• WHAT THE TASK ASKS
Quote the data exactly, first line to the line containing "Ripper - Tome 03", with no pictures.

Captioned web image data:
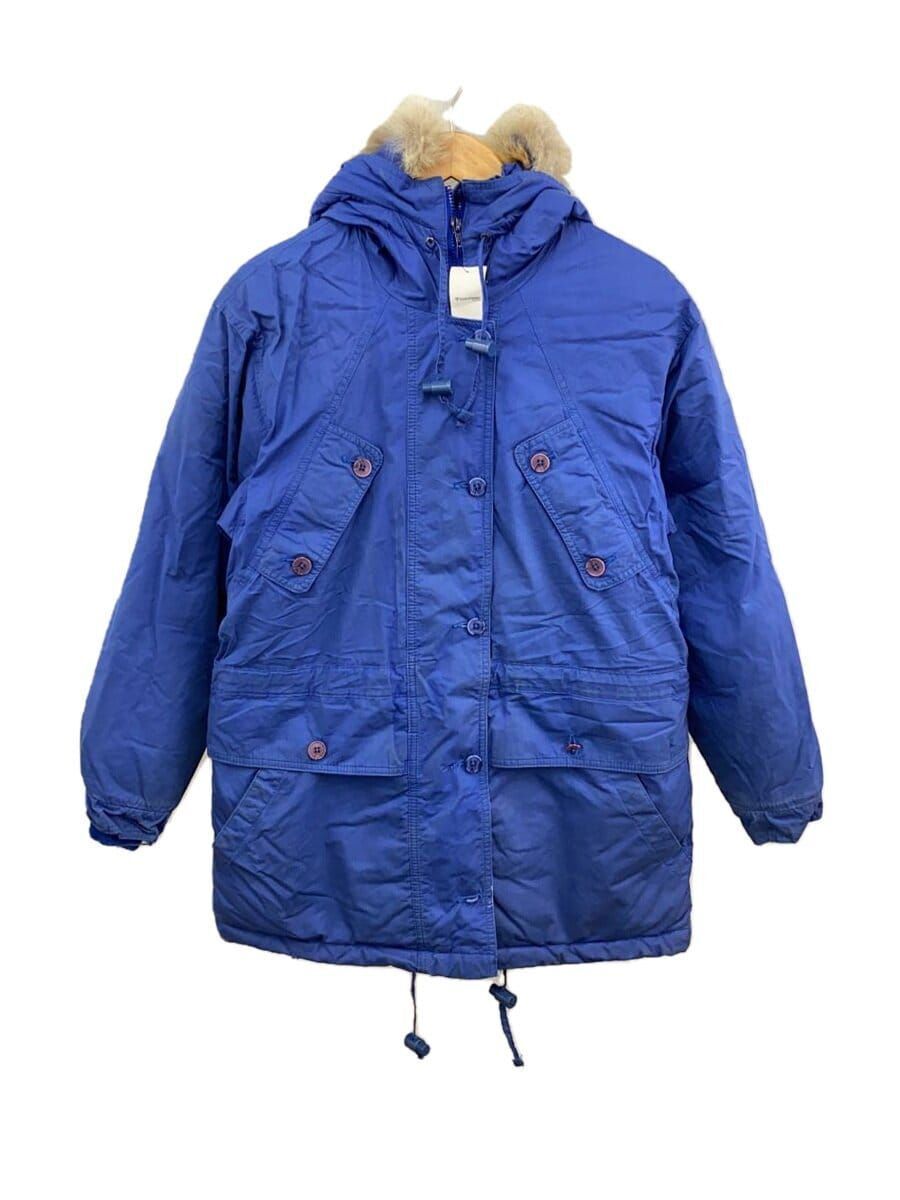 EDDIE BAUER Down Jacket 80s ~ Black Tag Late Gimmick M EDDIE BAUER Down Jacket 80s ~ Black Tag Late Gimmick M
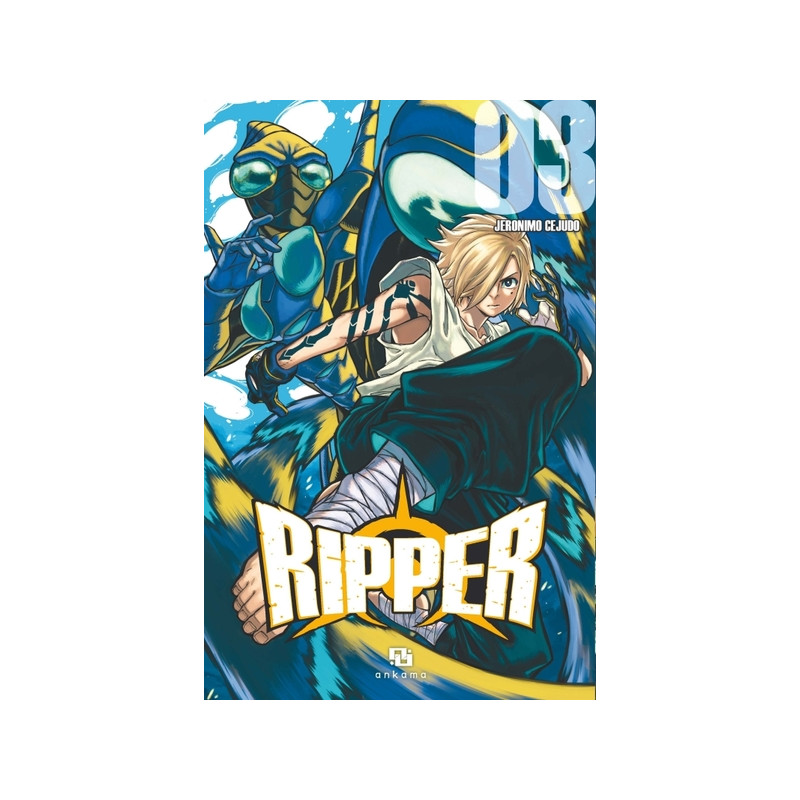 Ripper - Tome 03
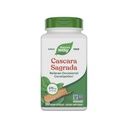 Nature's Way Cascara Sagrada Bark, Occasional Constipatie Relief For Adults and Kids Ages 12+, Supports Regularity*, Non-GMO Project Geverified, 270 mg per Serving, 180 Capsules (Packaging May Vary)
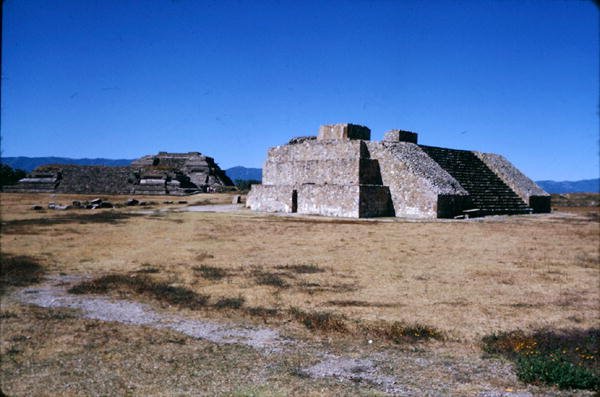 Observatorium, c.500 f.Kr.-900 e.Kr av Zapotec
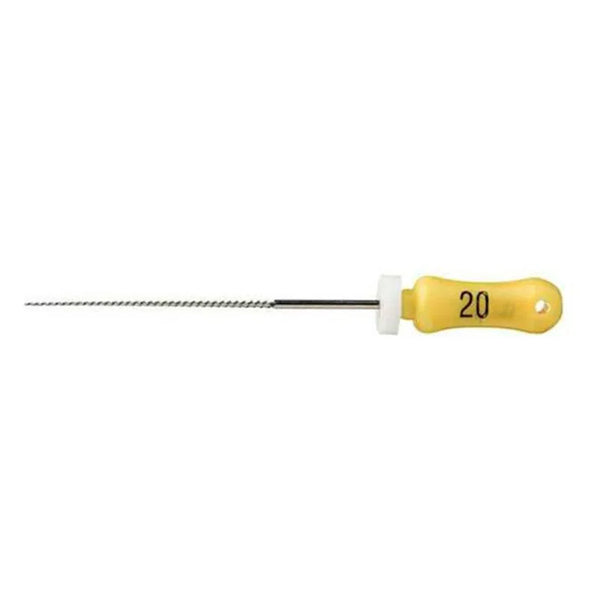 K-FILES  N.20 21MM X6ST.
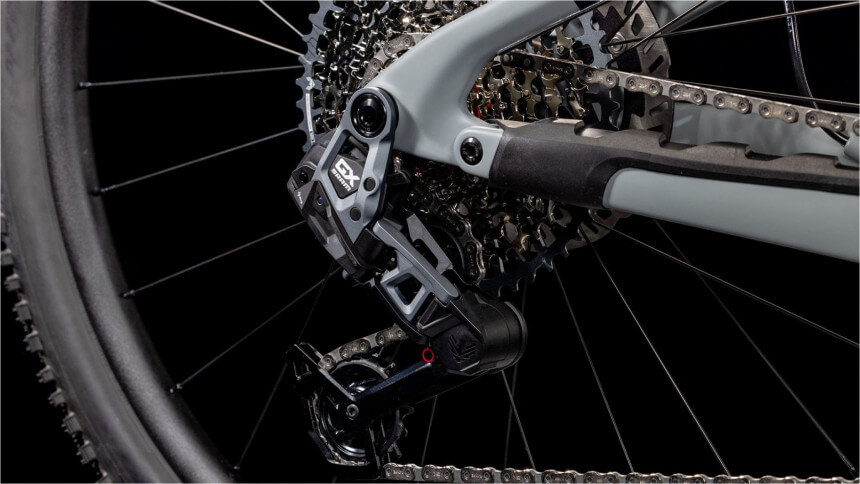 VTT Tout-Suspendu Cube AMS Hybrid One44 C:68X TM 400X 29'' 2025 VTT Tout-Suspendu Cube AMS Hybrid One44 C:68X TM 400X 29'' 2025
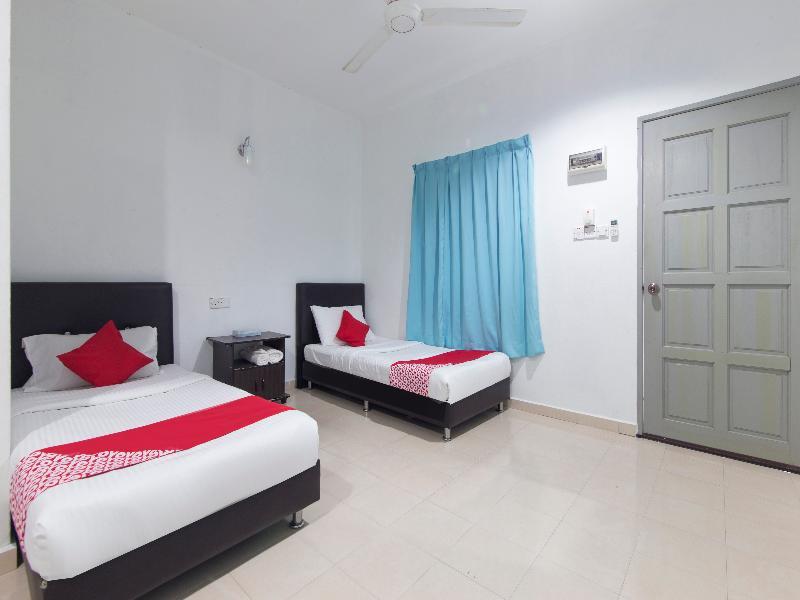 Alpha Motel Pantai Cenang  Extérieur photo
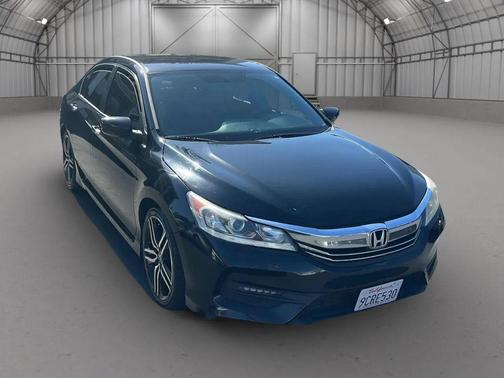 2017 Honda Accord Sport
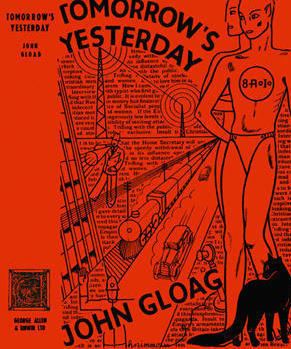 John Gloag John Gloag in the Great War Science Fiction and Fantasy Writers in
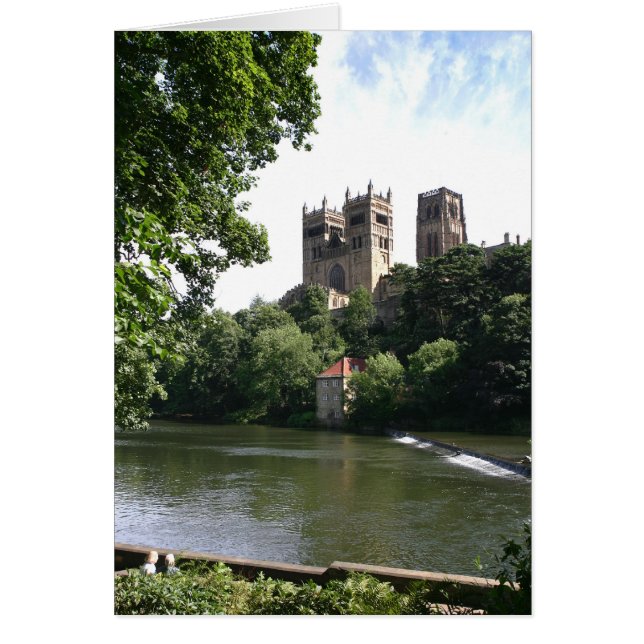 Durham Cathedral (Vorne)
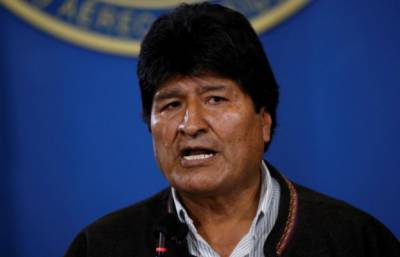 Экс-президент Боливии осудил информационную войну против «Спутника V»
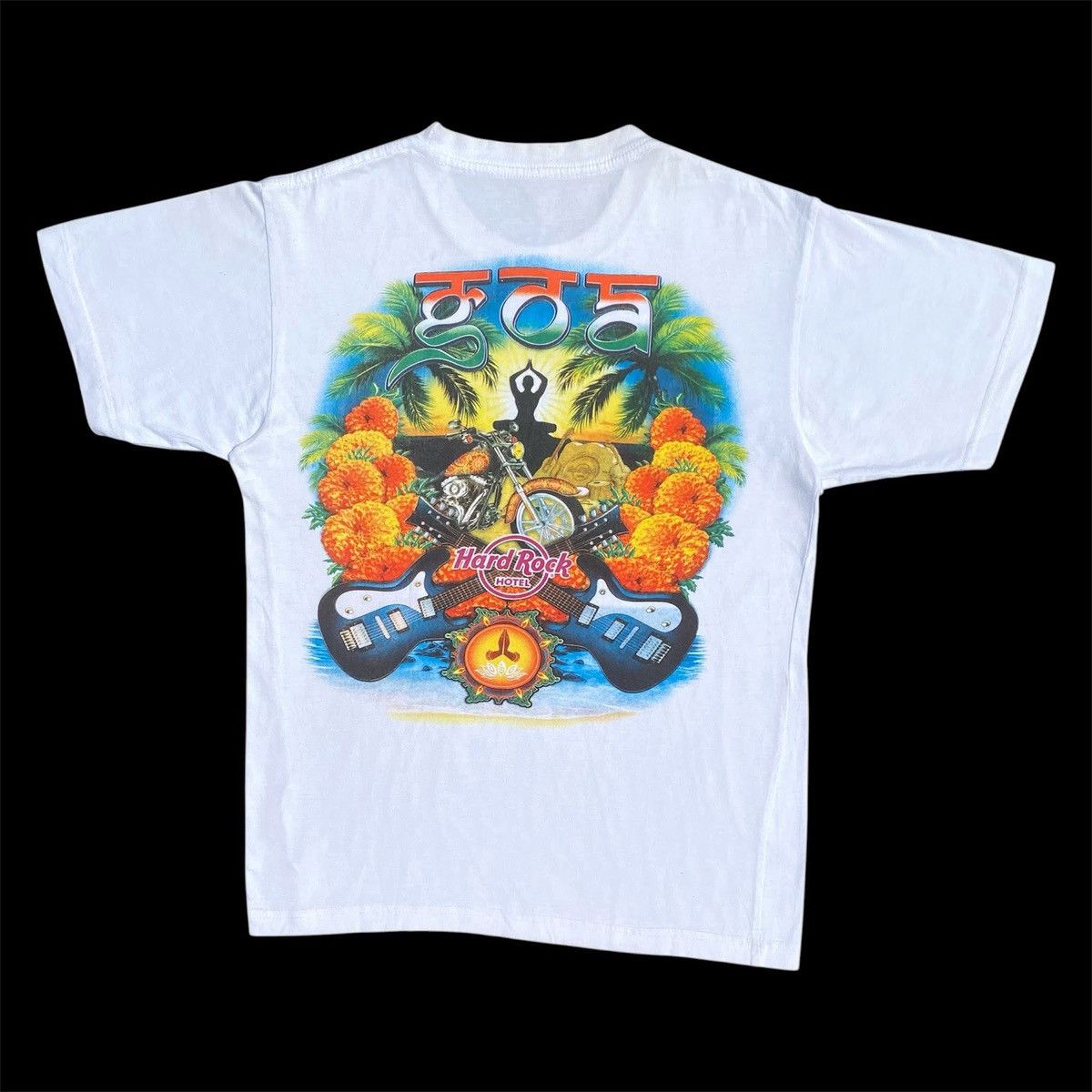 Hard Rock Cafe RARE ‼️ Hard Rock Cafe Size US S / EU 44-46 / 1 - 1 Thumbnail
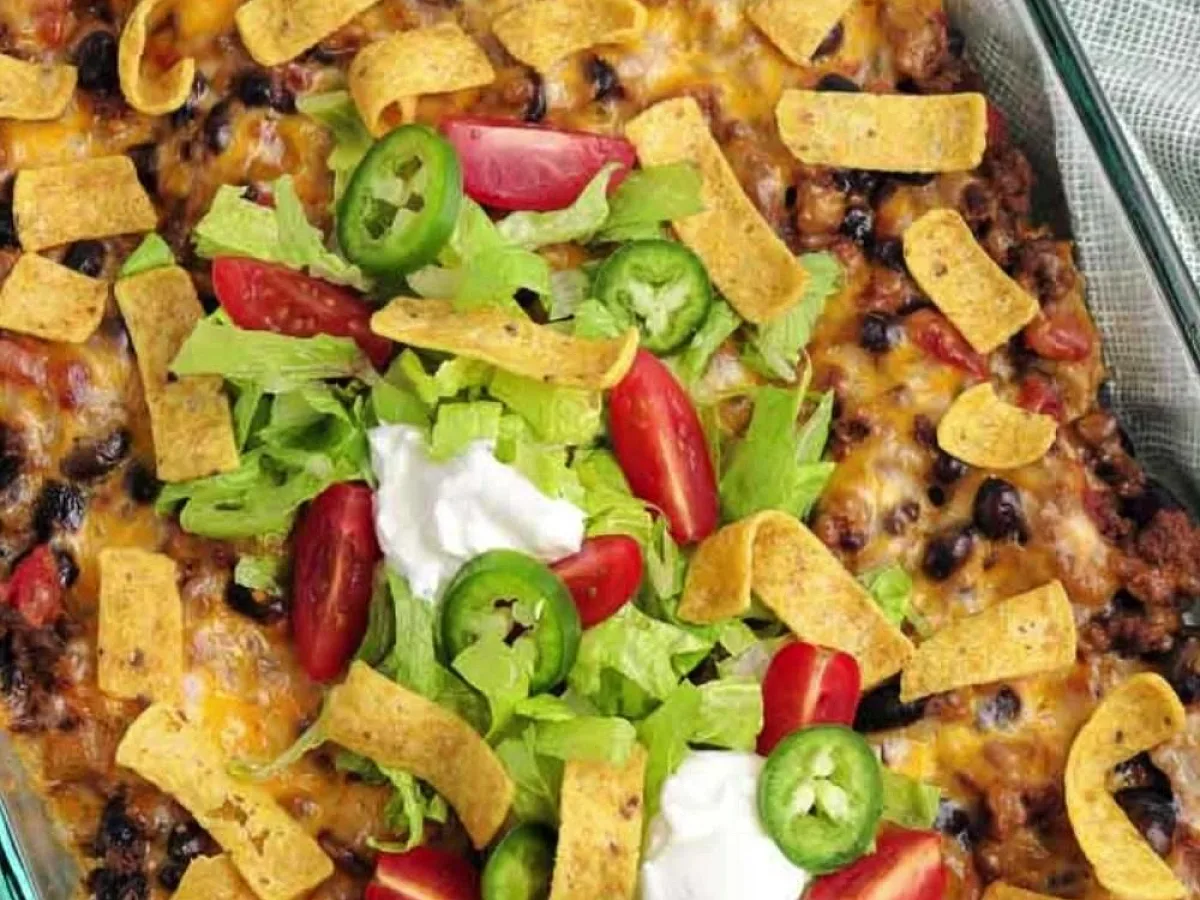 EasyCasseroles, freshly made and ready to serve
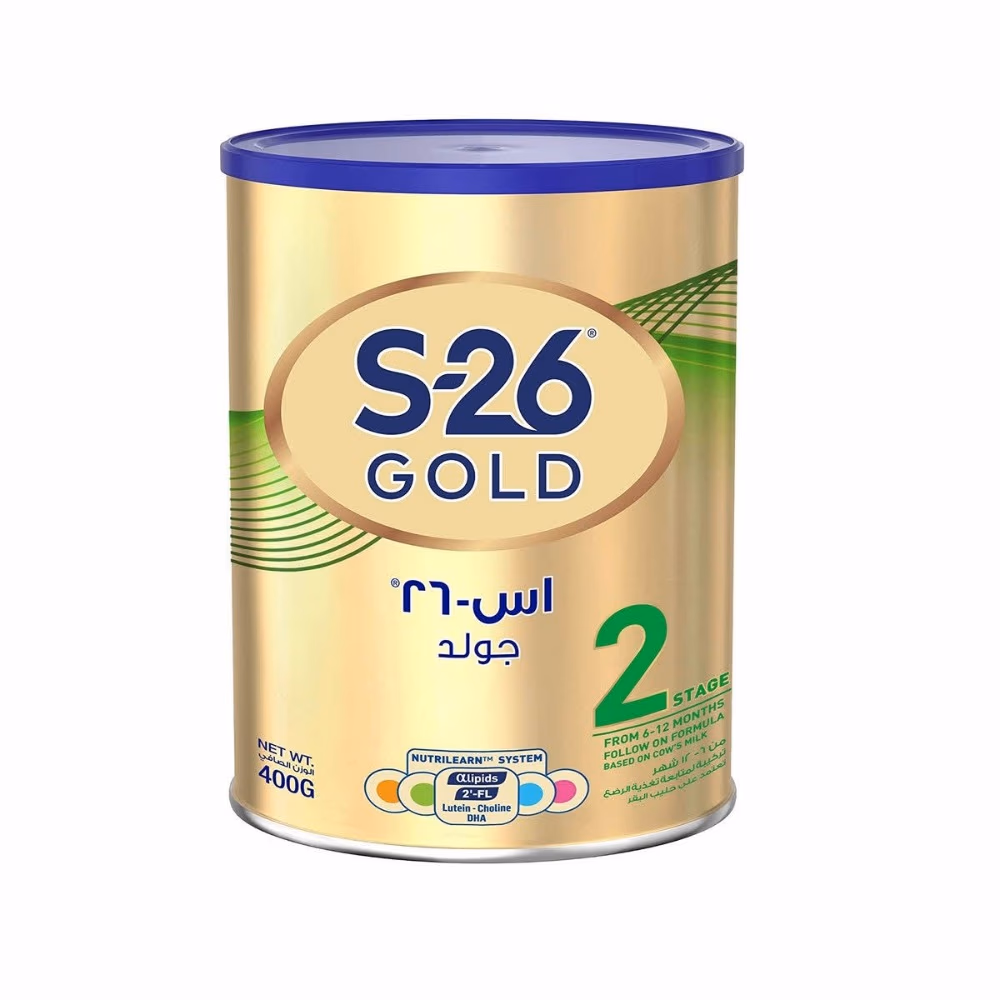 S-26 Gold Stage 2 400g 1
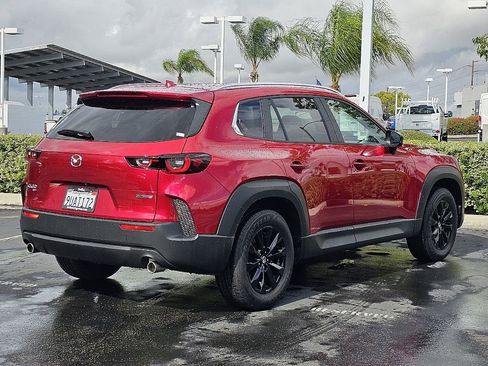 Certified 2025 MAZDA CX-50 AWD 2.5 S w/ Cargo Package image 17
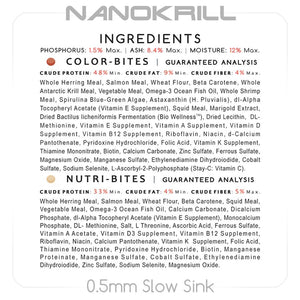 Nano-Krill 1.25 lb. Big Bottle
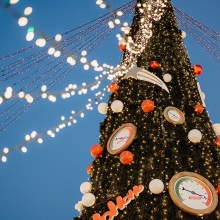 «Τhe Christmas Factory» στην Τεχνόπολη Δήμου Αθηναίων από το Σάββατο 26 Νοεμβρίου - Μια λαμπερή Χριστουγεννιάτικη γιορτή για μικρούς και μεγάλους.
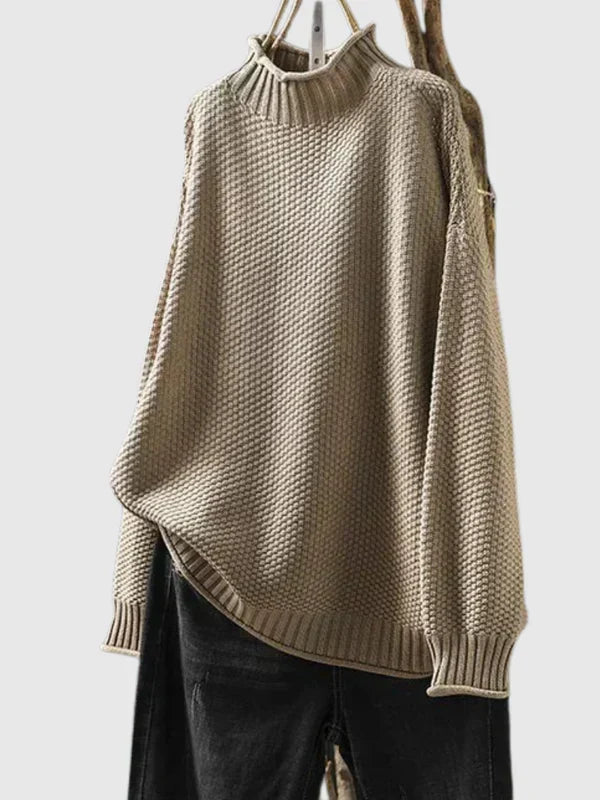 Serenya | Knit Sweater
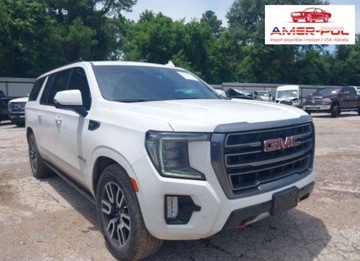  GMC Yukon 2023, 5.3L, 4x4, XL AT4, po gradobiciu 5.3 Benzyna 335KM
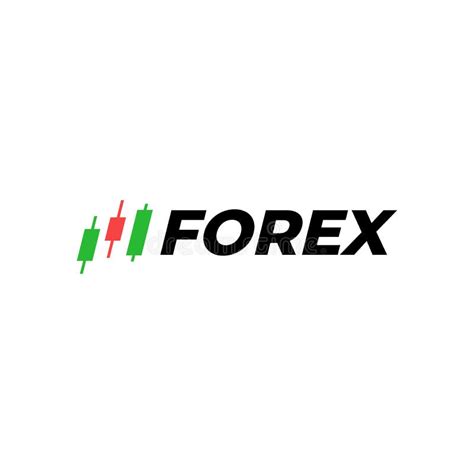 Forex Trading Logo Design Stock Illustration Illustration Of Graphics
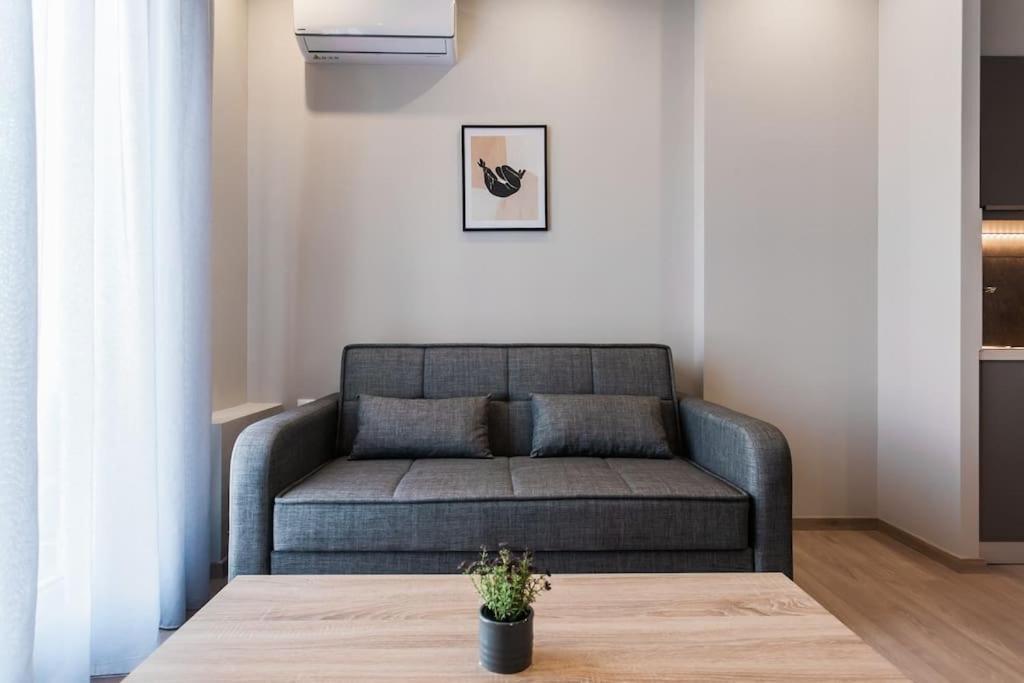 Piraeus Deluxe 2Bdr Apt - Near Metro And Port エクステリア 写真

• SOLUTION
 EDDIE BAUER Down Jacket 80s ~ Black Tag Late Gimmick M EDDIE BAUER Down Jacket 80s ~ Black Tag Late Gimmick M
 Ripper - Tome 03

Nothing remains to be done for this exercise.